**ASSIGNED TASK**
The result should be an exact copy of the data, free of pictures.

※

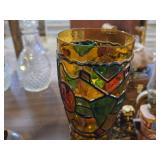 Lot of (3) Vintage 14" Stained Glass Kerosene Oil Lamps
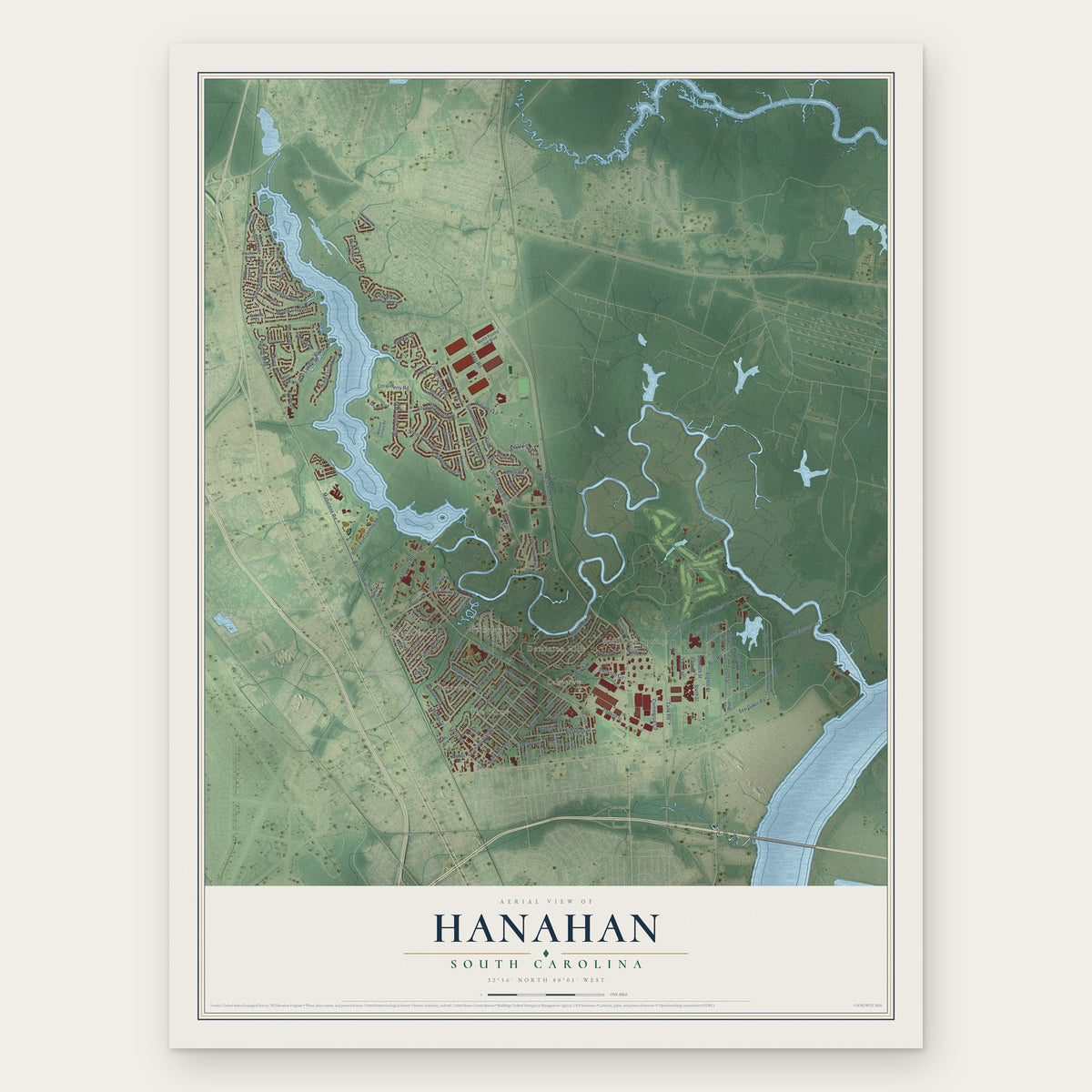 Hanahan, South Carolina map print, the full design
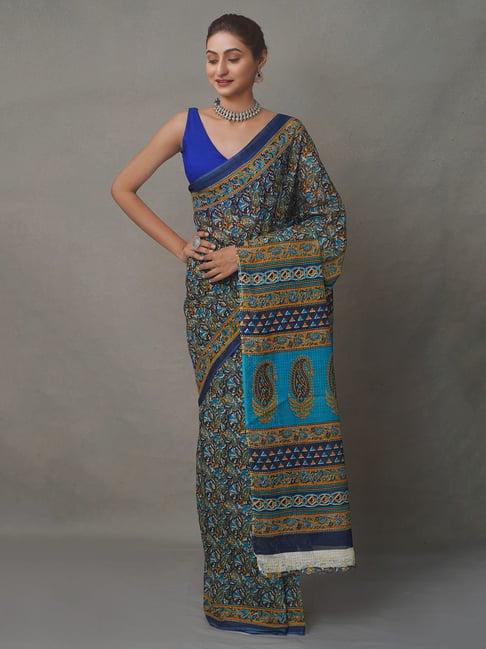 unnati silks multicolor cotton printed saree with blouse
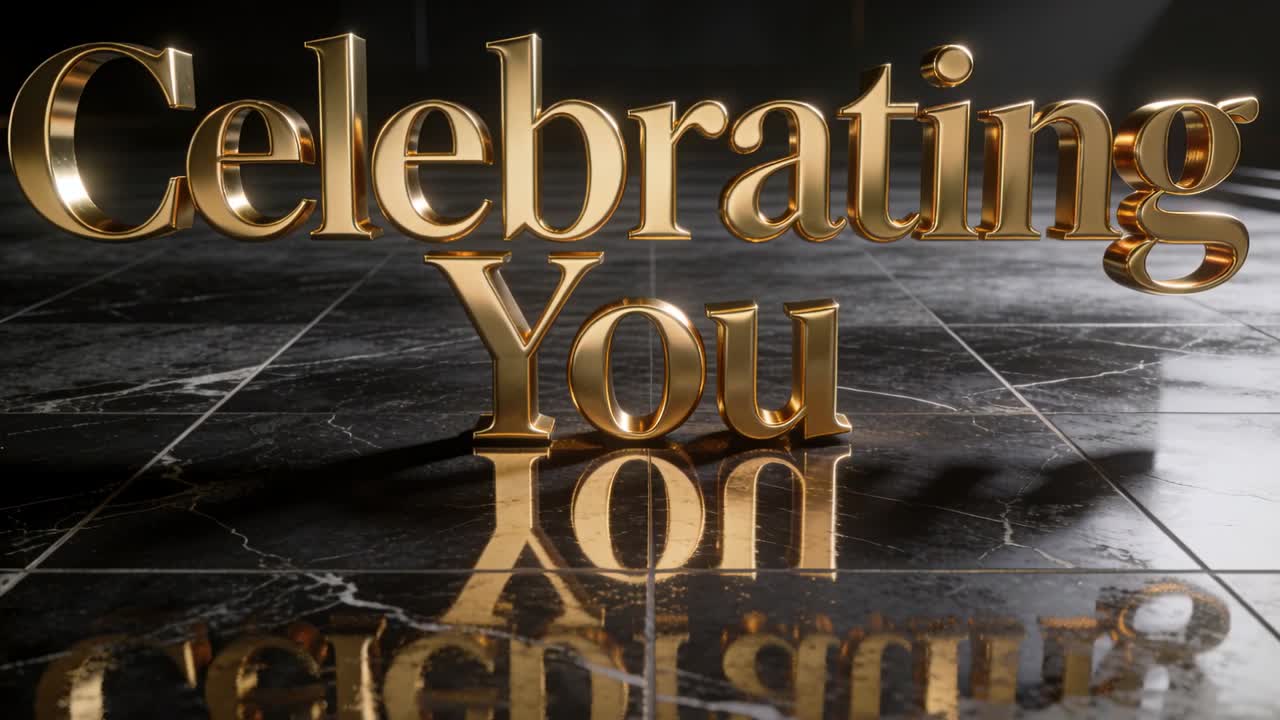Camera zooming, spotlights shifting, 3D gold text Celebrating You enhancing marble reflection promo
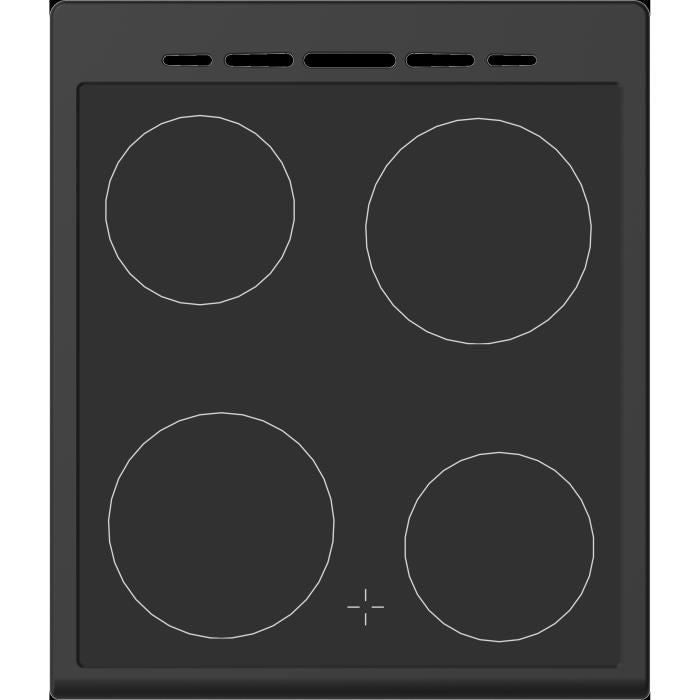Cuisiniere vitrocÈramique CONTINENTAL EDISON CECV50FCB - 4 feux - L49.5 x H82.7 xP58 cm - Noir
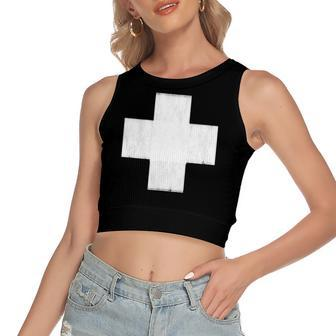 Lightly Weathered Peace Christ White Cross Paint On Various Women's Sleeveless Bow Backless Hollow Crop Top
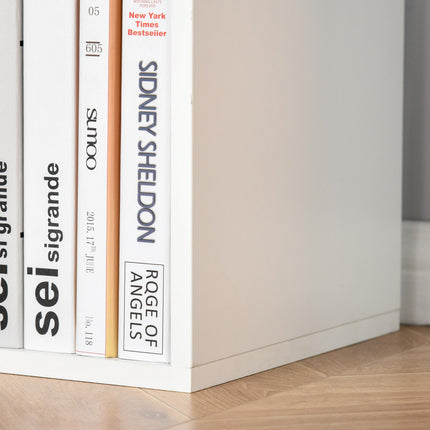 Six-Cube Bookcase Storage Unit with Anti-Tip Straps - White Wood Effect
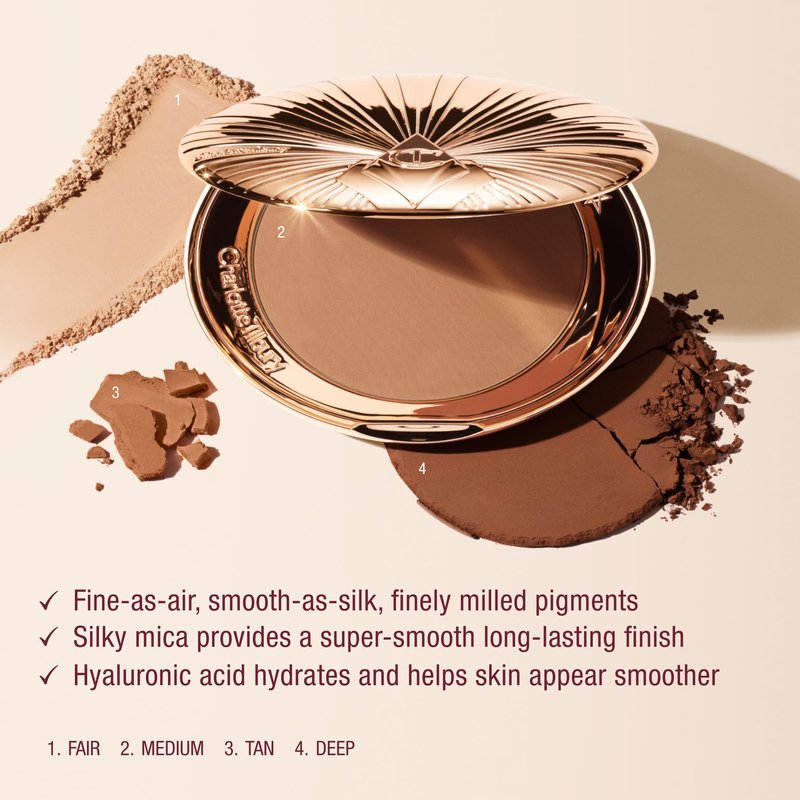 Charlotte Tilbury Airbrush Matte Bronzer Refill - Smoothing & Blurring Powder Bronzer with an Airbrush Finish - Refillable Makeup Infused with Silky Mica & Hyaluronic Acid - 1 Fair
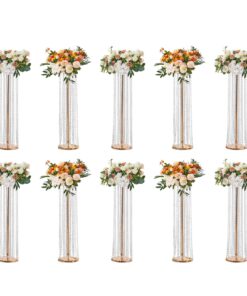 VEVOR 10PCS 90cm Crystal Flower Stands - Gold Metal Vases for Weddings, Events, Parties, Home & Hotel Decor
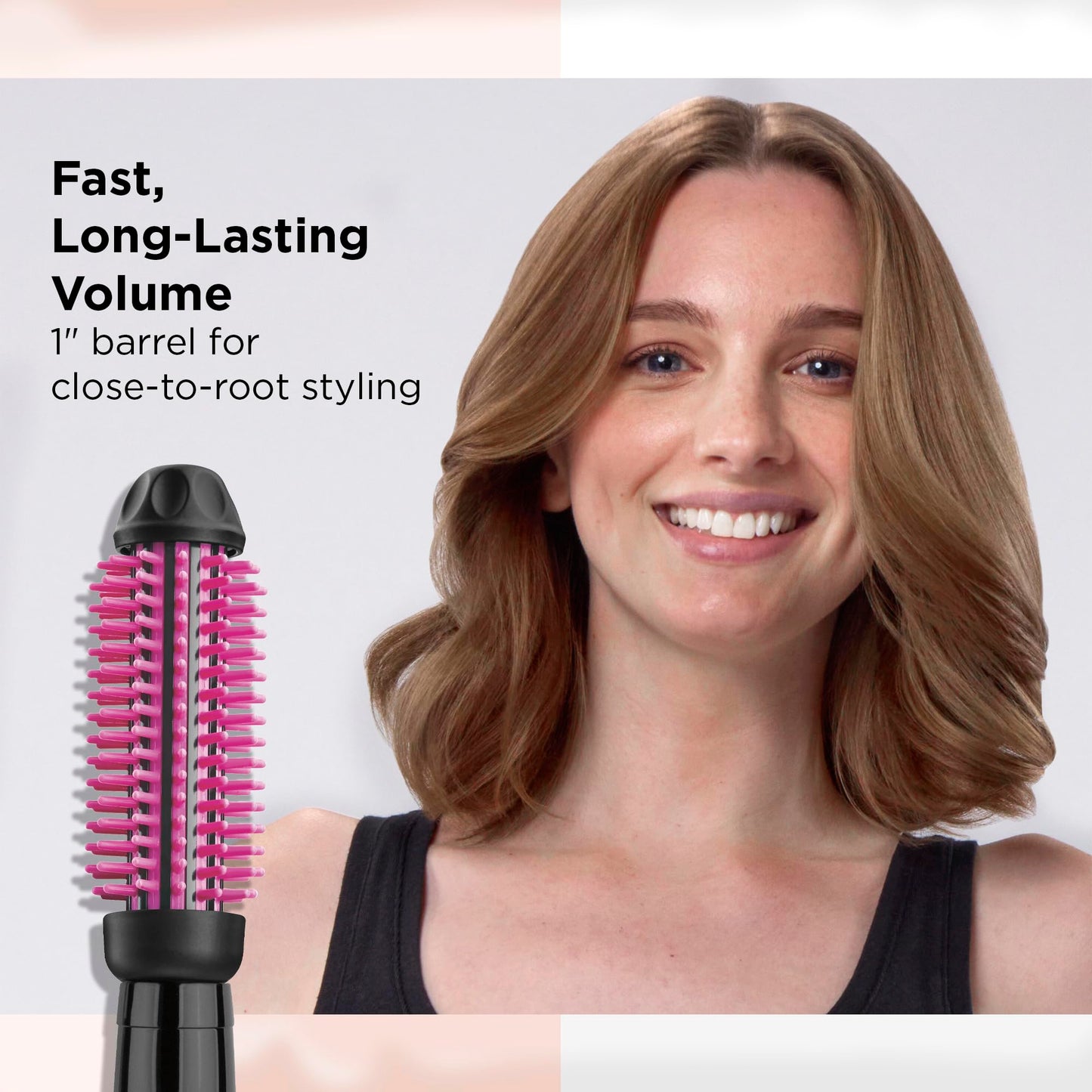 REVLON Silicone Bristle Heated Hair Styling Brush | Fast, Long Lasting Volume for Easy Styling | 1" Barrel for Full Body and Smooth Styles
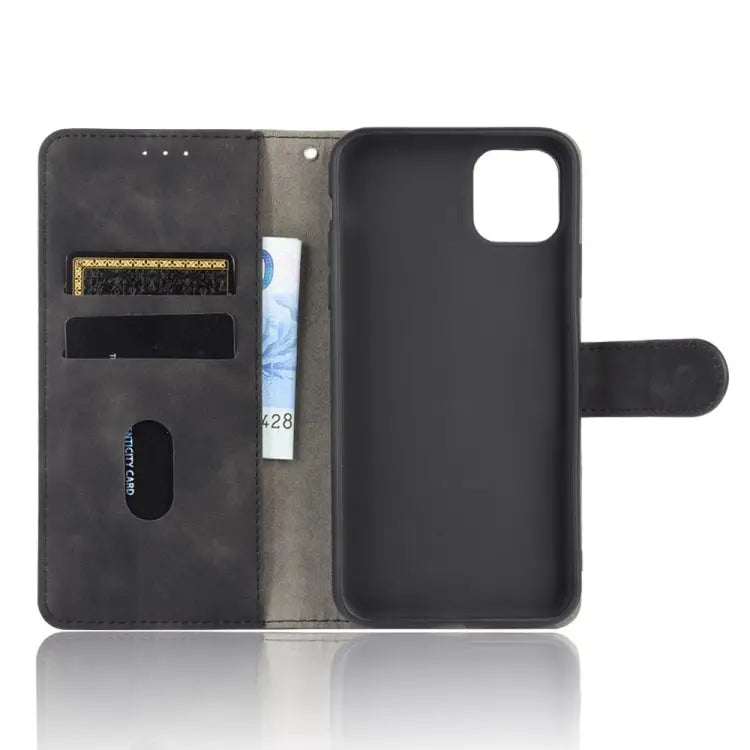 Solid Color Skin Feel Magnetic Buckle Horizontal Flip Calf Texture PU Leather Case with Holder & Card Slots & Wallet
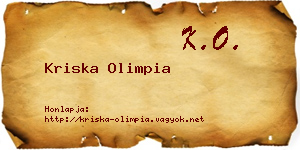 Kriska Olimpia névjegykártya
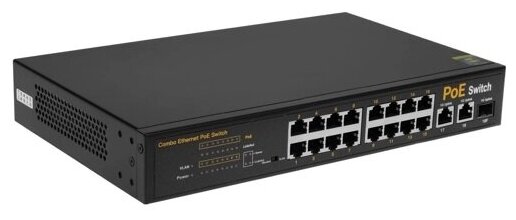 POE-коммутатор 16-канальный 2xRJ452xSFP UPLINK POE-A 200Вт ORIENT SWP-5516POE2PSFP PS 1GB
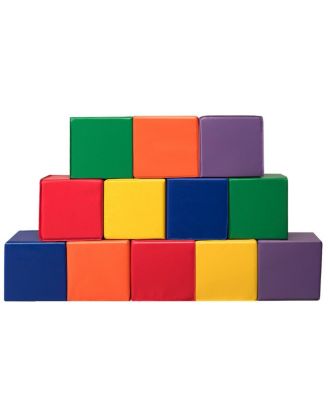 12-Piece 8'' PU Foam Big Building Blocks Colorful Soft Blocks Play Set For Kids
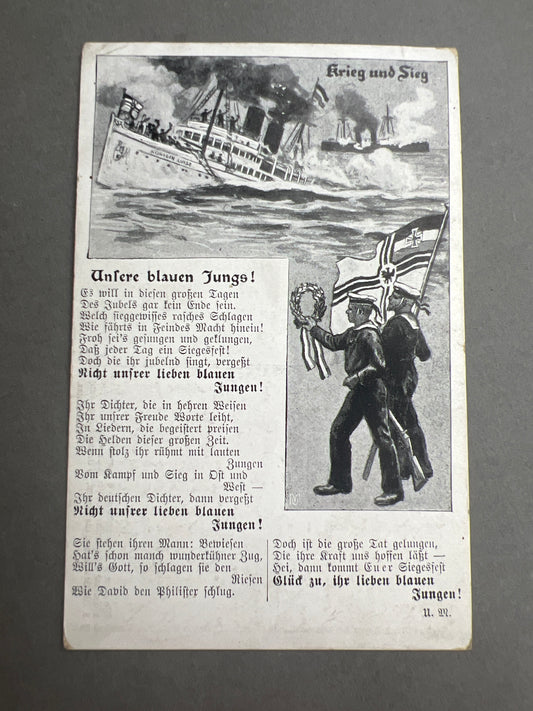 WW1 Tysk Marine Postkort. Original.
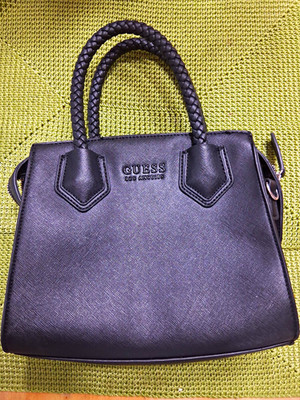 GUESS Black Satchel Top Handle Bag Braided Handles Detachable Strap Zip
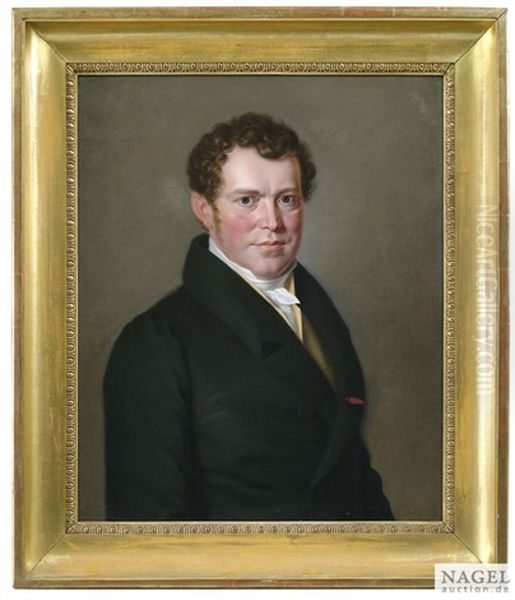 Portrait Des Finanzministers Johann Christoph Herdegen Im Grunen Gehrock (+ Portrait Der Katharine Rosine Herdegen; Pair) Oil Painting by Gottlob Wilhelm Morff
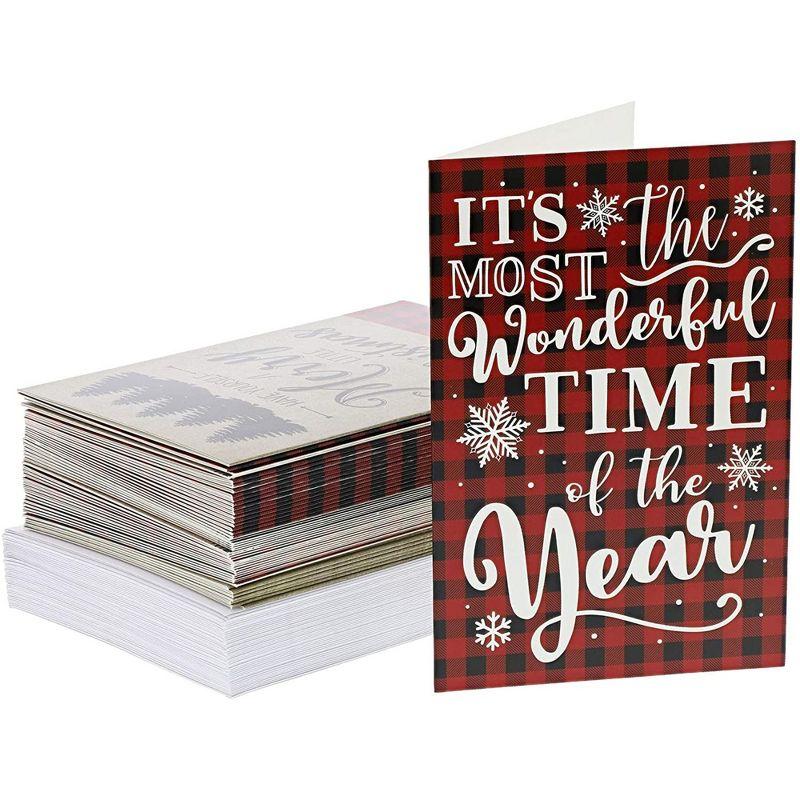 Sustainable Greetings 48 Pack Merry Christmas Cards with Envelopes 4x6 Inch, Festive Holiday Greeting Card for Xmas, 6 Red Plaid Designs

※

**TASK RESULT**
 Lot of (3) Vintage 14" Stained Glass Kerosene Oil Lamps
 Hanahan, South Carolina map print, the full design
 unnati silks multicolor cotton printed saree with blouse
Camera zooming, spotlights shifting, 3D gold text Celebrating You enhancing marble reflection promo
Cuisiniere vitrocÈramique CONTINENTAL EDISON CECV50FCB - 4 feux - L49.5 x H82.7 xP58 cm - Noir
 Lightly Weathered Peace Christ White Cross Paint On Various Women's Sleeveless Bow Backless Hollow Crop Top
 Six-Cube Bookcase Storage Unit with Anti-Tip Straps - White Wood Effect
 Charlotte Tilbury Airbrush Matte Bronzer Refill - Smoothing & Blurring Powder Bronzer with an Airbrush Finish - Refillable Makeup Infused with Silky Mica & Hyaluronic Acid - 1 Fair
 VEVOR 10PCS 90cm Crystal Flower Stands - Gold Metal Vases for Weddings, Events, Parties, Home & Hotel Decor
 REVLON Silicone Bristle Heated Hair Styling Brush | Fast, Long Lasting Volume for Easy Styling | 1" Barrel for Full Body and Smooth Styles
 Solid Color Skin Feel Magnetic Buckle Horizontal Flip Calf Texture PU Leather Case with Holder & Card Slots & Wallet
 Kriska Olimpia névjegykártya
 POE-коммутатор 16-канальный 2xRJ452xSFP UPLINK POE-A 200Вт ORIENT SWP-5516POE2PSFP PS 1GB
 12-Piece 8'' PU Foam Big Building Blocks Colorful Soft Blocks Play Set For Kids
 WW1 Tysk Marine Postkort. Original.
 GUESS Black Satchel Top Handle Bag Braided Handles Detachable Strap Zip
 Portrait Des Finanzministers Johann Christoph Herdegen Im Grunen Gehrock (+ Portrait Der Katharine Rosine Herdegen; Pair) Oil Painting by Gottlob Wilhelm Morff
 Sustainable Greetings 48 Pack Merry Christmas Cards with Envelopes 4x6 Inch, Festive Holiday Greeting Card for Xmas, 6 Red Plaid Designs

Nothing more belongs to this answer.